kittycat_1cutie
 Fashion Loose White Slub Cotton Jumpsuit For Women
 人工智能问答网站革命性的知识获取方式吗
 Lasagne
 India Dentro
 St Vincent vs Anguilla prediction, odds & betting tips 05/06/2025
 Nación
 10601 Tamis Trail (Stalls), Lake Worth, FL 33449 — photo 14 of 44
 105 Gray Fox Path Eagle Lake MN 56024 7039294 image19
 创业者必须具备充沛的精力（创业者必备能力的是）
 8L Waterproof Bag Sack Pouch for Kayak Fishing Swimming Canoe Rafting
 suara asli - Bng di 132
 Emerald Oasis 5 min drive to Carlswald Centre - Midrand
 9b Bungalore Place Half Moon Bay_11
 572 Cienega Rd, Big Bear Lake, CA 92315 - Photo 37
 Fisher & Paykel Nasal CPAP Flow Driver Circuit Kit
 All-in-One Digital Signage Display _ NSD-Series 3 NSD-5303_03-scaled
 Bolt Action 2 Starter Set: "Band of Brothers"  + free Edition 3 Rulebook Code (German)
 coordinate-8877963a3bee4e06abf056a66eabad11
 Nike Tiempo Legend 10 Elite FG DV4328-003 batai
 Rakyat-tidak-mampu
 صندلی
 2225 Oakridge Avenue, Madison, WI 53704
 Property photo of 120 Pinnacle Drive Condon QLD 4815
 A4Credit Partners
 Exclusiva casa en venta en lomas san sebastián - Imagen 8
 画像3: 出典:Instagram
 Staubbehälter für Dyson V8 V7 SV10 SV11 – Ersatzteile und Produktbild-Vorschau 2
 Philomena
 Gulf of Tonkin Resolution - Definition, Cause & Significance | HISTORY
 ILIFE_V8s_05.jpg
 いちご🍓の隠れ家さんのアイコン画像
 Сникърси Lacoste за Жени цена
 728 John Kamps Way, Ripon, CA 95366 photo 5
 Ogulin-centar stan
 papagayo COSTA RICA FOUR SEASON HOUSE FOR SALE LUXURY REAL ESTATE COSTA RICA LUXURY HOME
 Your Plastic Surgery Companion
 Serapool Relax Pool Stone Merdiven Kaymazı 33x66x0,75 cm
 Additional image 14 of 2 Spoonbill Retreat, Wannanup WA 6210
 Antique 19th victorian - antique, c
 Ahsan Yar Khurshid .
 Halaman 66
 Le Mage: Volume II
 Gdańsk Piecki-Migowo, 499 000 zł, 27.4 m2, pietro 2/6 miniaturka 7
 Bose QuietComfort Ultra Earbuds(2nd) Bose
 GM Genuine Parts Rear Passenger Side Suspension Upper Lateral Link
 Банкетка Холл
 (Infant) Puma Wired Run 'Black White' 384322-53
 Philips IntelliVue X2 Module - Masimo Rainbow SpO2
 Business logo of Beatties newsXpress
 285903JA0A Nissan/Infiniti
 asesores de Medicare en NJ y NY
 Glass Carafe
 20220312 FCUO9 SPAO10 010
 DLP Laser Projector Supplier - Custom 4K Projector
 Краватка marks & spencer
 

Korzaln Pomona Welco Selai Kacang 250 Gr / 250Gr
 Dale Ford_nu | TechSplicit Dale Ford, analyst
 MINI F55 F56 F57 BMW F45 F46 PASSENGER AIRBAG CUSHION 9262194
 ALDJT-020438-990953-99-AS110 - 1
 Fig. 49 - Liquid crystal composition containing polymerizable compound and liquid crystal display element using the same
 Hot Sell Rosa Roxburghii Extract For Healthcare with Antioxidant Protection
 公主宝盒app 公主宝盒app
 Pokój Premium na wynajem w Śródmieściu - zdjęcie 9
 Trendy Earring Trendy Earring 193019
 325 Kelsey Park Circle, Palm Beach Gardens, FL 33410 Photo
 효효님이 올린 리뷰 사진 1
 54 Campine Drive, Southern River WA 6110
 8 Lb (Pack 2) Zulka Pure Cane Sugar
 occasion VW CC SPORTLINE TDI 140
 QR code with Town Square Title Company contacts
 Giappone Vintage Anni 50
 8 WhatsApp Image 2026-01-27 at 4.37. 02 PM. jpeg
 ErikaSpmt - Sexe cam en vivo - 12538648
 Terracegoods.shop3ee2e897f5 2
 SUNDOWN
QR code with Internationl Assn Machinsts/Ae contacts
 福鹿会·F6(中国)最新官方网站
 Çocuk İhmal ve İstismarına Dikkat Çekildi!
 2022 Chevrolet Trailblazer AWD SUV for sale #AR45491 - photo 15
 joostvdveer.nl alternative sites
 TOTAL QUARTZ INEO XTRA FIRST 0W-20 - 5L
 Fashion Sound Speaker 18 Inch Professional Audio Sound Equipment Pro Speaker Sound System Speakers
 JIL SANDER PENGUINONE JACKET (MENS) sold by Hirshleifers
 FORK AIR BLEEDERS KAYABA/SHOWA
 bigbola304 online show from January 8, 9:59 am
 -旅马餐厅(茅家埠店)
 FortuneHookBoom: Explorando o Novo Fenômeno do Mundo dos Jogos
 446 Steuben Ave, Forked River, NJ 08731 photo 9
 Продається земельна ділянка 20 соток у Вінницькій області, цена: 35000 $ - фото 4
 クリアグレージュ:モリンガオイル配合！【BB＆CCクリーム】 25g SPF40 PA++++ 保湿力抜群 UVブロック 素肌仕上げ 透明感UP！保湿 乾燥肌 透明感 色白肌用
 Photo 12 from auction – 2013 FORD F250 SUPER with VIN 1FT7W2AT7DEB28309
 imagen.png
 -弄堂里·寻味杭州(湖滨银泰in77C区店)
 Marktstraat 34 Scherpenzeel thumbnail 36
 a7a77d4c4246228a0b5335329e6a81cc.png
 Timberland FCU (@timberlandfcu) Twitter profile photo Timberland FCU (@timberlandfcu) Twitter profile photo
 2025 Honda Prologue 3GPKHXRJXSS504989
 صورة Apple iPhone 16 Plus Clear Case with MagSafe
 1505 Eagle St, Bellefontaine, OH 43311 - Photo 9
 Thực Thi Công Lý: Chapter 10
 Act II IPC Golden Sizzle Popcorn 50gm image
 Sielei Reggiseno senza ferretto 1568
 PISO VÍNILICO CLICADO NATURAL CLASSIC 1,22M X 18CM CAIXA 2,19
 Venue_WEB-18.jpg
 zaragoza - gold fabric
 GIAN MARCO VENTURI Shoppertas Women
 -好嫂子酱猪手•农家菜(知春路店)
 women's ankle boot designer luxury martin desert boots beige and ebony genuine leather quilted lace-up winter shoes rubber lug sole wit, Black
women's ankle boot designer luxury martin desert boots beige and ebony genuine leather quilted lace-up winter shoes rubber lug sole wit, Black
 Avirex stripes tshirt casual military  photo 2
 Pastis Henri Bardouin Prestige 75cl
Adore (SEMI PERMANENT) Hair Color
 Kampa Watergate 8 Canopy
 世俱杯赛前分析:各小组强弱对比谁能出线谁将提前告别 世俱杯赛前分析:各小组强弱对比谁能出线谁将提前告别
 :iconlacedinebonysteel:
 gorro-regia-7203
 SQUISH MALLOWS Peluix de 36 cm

________

**Task goal**
How many lines of the records contain the word "beige"? Reply with the number and nothing else.

**Answer to the problem**
2